Quando parliamo dello Spirito Santo, parliamo sempre anche della dignità dell’essere umano. La nostra dignità consiste nel fatto che possiamo essere permeabili allo spirito di Dio, nel fatto che lo Spirito Santo può parlare attraverso di noi. Noi non possediamo lo Spirito Santo. Egli ci viene donato se lo chiediamo. E solo quando diventiamo permeabili, quando facciamo retrocedere l’Ego, veniamo a contatto con la sorgente dello Spirito Santo, che zampilla in noi e dalla quale possiamo dire improvvisamente parole che non abbiamo escogitato noi, che semplicemente affiorano in noi. E sempre un dono quando lo Spirito Santo parla attraverso di noi.

Così, anche nelle affermazioni sullo Spirito Santo emerge che il linguaggio del Credo si riferisce sempre, nello stesso tempo, a Dio e agli esseri umani. Parlare dello Spirito Santo significa sempre anche parlare correttamente della persona umana e della sua capacità di comunicare qualcosa di Dio agli uomini nella forza dello Spirito Santo, e di guidarli alla loro vera natura.
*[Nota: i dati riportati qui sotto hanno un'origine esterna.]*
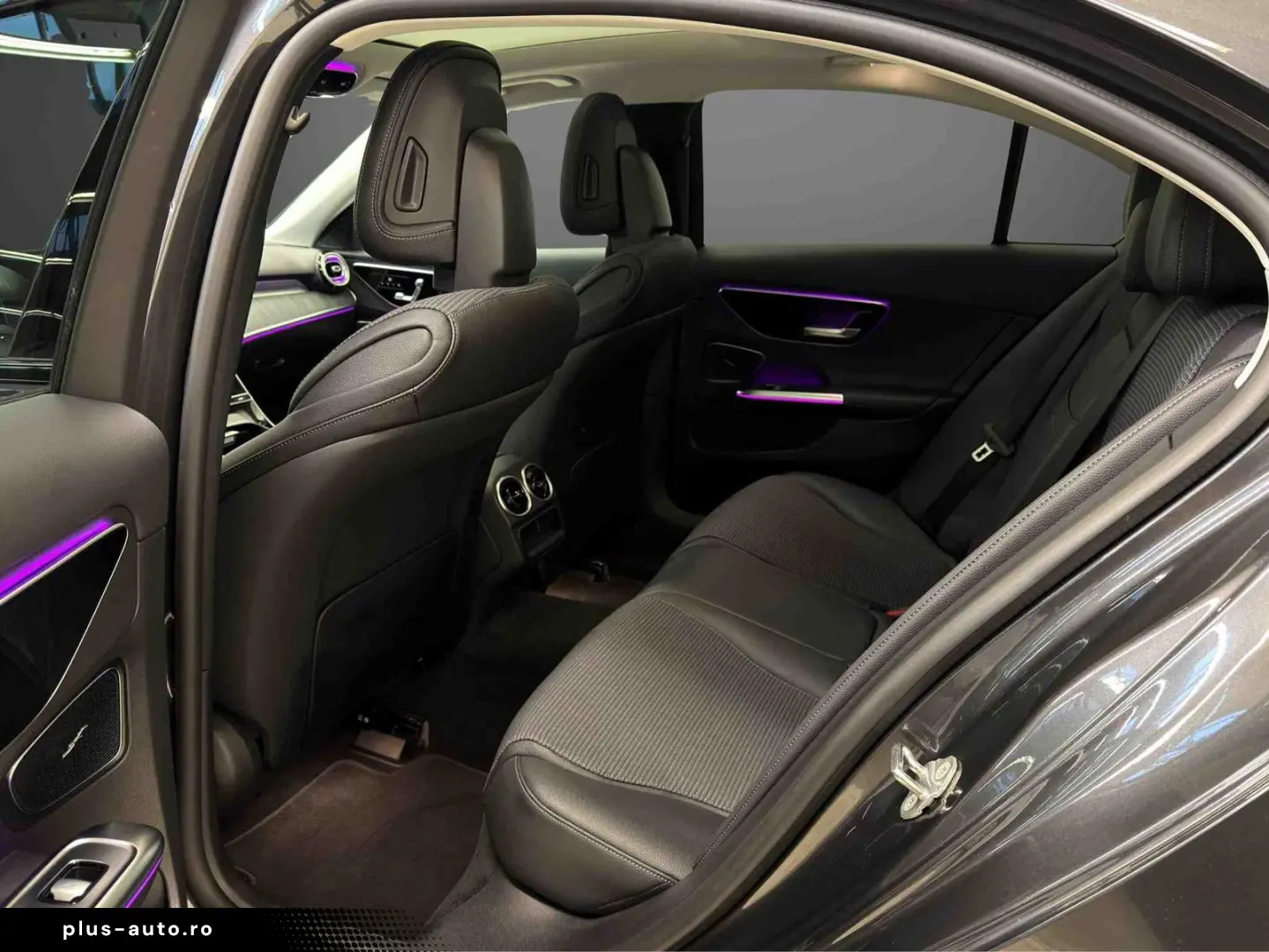 MERCEDES-BENZ C 300 Avantgarde 4M Pano NIGHT MEMORY 360  18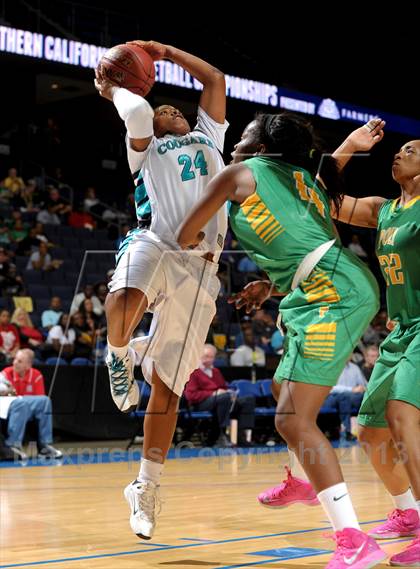 Thumbnail 1 in Long Beach Poly vs. Canyon Springs (CIF SoCal Regional D1 Final) photogallery.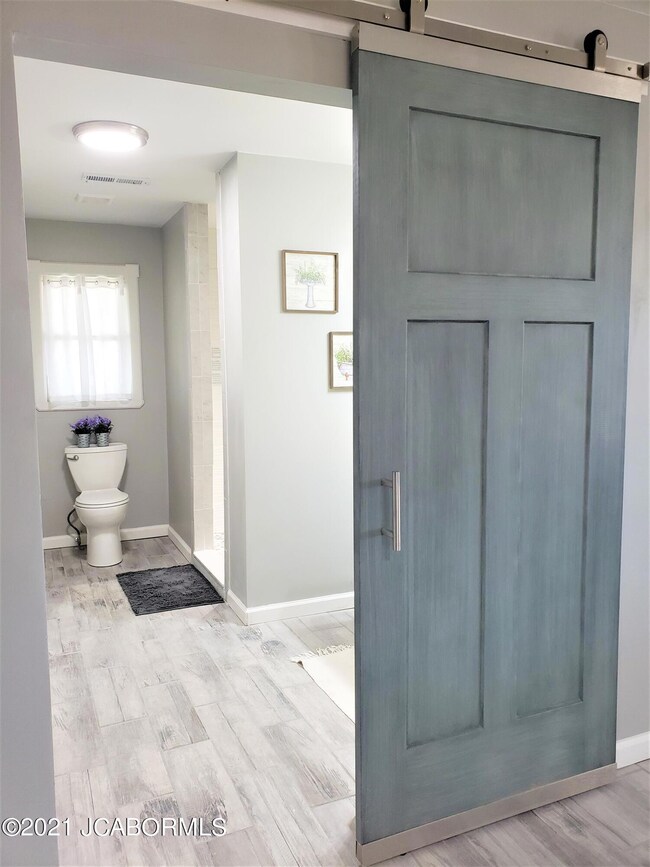 6.Barn to Main Bath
Un buon terapeuta è quello che è permeabile allo Spirito Santo, e nello Spirito Santo riconosce ciò di cui ha bisogno il cliente, e che poi è aperto alle parole che lo Spirito gli suggerisce.

Tuttavia, come nell’Antico Testamento, anche oggi ci sono dei falsi profeti. Già Gesù mette in guardia i discepoli nel discorso della montagna:

 

«Guardatevi dai falsi profeti che vengono a voi in veste di pecore, ma dentro son lupi rapaci! Dai loro frutti li riconoscerete» (Mt 7,15s.).

 

Questa parola ha valore ancora oggi. E dai frutti che si riconosce se uno è un profeta attraverso il quale parla lo Spirito Santo, oppure se è, invece, un falso profeta. Il frutto dello Spirito Santo - così dice Paolo nella lettera ai Galati - è: «Amore, gioia, pace, magnanimità, benevolenza, bontà, fedeltà, mitezza, dominio di sé» (Gal 5,22).

Se uno parla dallo Spirito Santo o meno non lo si riconosce solo dalle parole, ma dalle sue azioni, dal suo irraggiamento. In chi abusa dello Spirito Santo, in chi si vanta di essere chiamato dallo Spirito Santo, in una persona così, a parlare è il suo Ego, non lo Spirito Santo. È soltanto in una persona umile, consapevole dei propri limiti, che lo Spirito è in grado di parlare.

Lo Spirito Santo agisce anche oggi attraverso delle persone. Lo scopo dello Spirito Santo è quello di trasformare questo mondo. Nell’Antico Testamento si spera che lo Spirito Santo trasformi il deserto in un paradiso, che egli ridesti a nuova vita un popolo spento e gli doni un cuore nuovo (cfr. Kasper, 75). Walter Kasper pensa che lo Spirito Santo parli soprattutto anche attraverso gli artisti. Egli scrive:

 

Nell’opera d’arte [...] viene anticipato qualcosa che la fede cristiana si aspetta quale opera dello Spirito Santo: la trasfigurazione della realtà (Kasper, 72).

 

Lo Spirito Santo agisce attraverso giornalisti, attraverso filosofi e politici, quando essi porgono ascolto alla sollecitazione dello Spirito Santo e la esprimono in un nuovo linguaggio. Lo scopo dello Spirito Santo è sempre la trasformazione della realtà. Essa avviene mediante il linguaggio, mediante l’arte, mediante gli incontri, ma anche mediante l’azione. E avviene innanzi tutto «nella trasformazione del cuore umano» (Kasper, 75). Un segno distintivo dello Spirito Santo è sempre il traboccare dell’amore e della grazia. Lo Spirito Santo si manifesta «dovunque venga ridestata la vita e la realtà si spinga estaticamente al di là di se stessa, dove l’essente supera se stesso nella ricerca storica e nell’aspirazione degli esseri umani e dei popoli» (Kasper, 81).